**DESCRIPTION OF THE TASK**. The entries should be written out again exactly as they read.

**TASK INPUT**.
* * *
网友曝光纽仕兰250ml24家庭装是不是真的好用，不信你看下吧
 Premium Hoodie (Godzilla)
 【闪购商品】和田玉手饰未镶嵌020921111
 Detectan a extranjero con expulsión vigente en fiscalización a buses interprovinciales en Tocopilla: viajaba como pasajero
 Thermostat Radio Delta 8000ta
* * *
**SOLUTION FOR THIS TASK**.
网友曝光纽仕兰250ml24家庭装是不是真的好用，不信你看下吧
 Premium Hoodie (Godzilla)
 【闪购商品】和田玉手饰未镶嵌020921111
 Detectan a extranjero con expulsión vigente en fiscalización a buses interprovinciales en Tocopilla: viajaba como pasajero
 Thermostat Radio Delta 8000ta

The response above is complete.